Re: row filtering for logical replication

From: Peter Smith <smithpb2250(at)gmail(dot)com>
To: Amit Kapila <amit(dot)kapila16(at)gmail(dot)com>
Cc: Euler Taveira <euler(at)eulerto(dot)com>, Rahila Syed <rahilasyed90(at)gmail(dot)com>, Peter Eisentraut <peter(dot)eisentraut(at)enterprisedb(dot)com>, Önder Kalacı <onderkalaci(at)gmail(dot)com>, japin <japinli(at)hotmail(dot)com>, Michael Paquier <michael(at)paquier(dot)xyz>, David Steele <david(at)pgmasters(dot)net>, Craig Ringer <craig(at)2ndquadrant(dot)com>, Tomas Vondra <tomas(dot)vondra(at)2ndquadrant(dot)com>, Amit Langote <amitlangote09(at)gmail(dot)com>, PostgreSQL Hackers <pgsql-hackers(at)lists(dot)postgresql(dot)org>
Subject: Re: row filtering for logical replication
Date: 2021-08-26 10:11:06
Message-ID: CAHut+PtFxoP477E8odkxkpyDoH_tiNBSiJH-j88NR728nxPErQ@mail.gmail.com
Views: Raw Message | Whole Thread | Download mbox | Resend email
Thread:
Lists: pgsql-hackers

On Thu, Aug 26, 2021 at 3:00 PM Amit Kapila <amit(dot)kapila16(at)gmail(dot)com> wrote:
>
> On Thu, Aug 26, 2021 at 9:51 AM Peter Smith <smithpb2250(at)gmail(dot)com> wrote:
> >
> > On Thu, Aug 26, 2021 at 1:20 PM Amit Kapila <amit(dot)kapila16(at)gmail(dot)com> wrote:
> > >
> > > On Thu, Aug 26, 2021 at 7:37 AM Peter Smith <smithpb2250(at)gmail(dot)com> wrote:
> > > >
> > > > On Wed, Aug 25, 2021 at 3:28 PM Amit Kapila <amit(dot)kapila16(at)gmail(dot)com> wrote:
> > > > >
> > > > ...
> > > > >
> > > > > Hmm, I think the gain via caching is not visible because we are using
> > > > > simple expressions. It will be visible when we use somewhat complex
> > > > > expressions where expression evaluation cost is significant.
> > > > > Similarly, the impact of this change will magnify and it will also be
> > > > > visible when a publication has many tables. Apart from performance,
> > > > > this change is logically correct as well because it would be any way
> > > > > better if we don't invalidate the cached expressions unless required.
> > > >
> > > > Please tell me what is your idea of a "complex" row filter expression.
> > > > Do you just mean a filter that has multiple AND conditions in it? I
> > > > don't really know if few complex expressions would amount to any
> > > > significant evaluation costs, so I would like to run some timing tests
> > > > with some real examples to see the results.
> > > >
> > >
> > > I think this means you didn't even understand or are convinced why the
> > > patch has cache in the first place. As per your theory, even if we
> > > didn't have cache, it won't matter but that is not true otherwise, the
> > > patch wouldn't have it.
> >
> > I have never said there should be no caching. On the contrary, my
> > performance test results [1] already confirmed that caching ExprState
> > is of benefit for the millions of times it may be used in the
> > pgoutput_row_filter function. My only doubts are in regard to how much
> > observable impact there would be re-evaluating the filter expression
> > just a few extra times by the get_rel_sync_entry function.
> >
>
> I think it depends but why in the first place do you want to allow
> re-evaluation when there is a way for not doing that?

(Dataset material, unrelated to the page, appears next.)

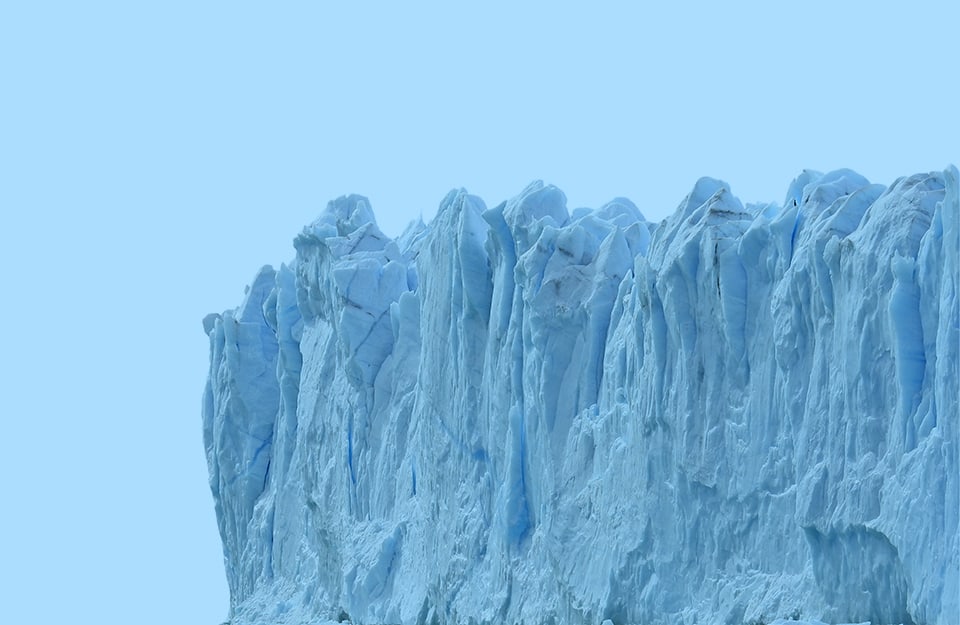 Parte di un iceberg molto frastagliato, su sfondo azzurro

Because the current code logic of having the "delayed" ExprState
evaluation does come at some cost. And the cost is -
a. Needing an extra condition and more code in the function pgoutput_row_filter
b. Needing to maintain the additional Node list

If we chose not to implement a delayed ExprState cache evaluation then
there would still be a (one-time) ExprState cache evaluation but it
would happen whenever get_rel_sync_entry is called (regardless of if
pgoputput_row_filter is subsequently called). E.g. there can be some
rebuilds of the ExprState cache if the user calls TRUNCATE.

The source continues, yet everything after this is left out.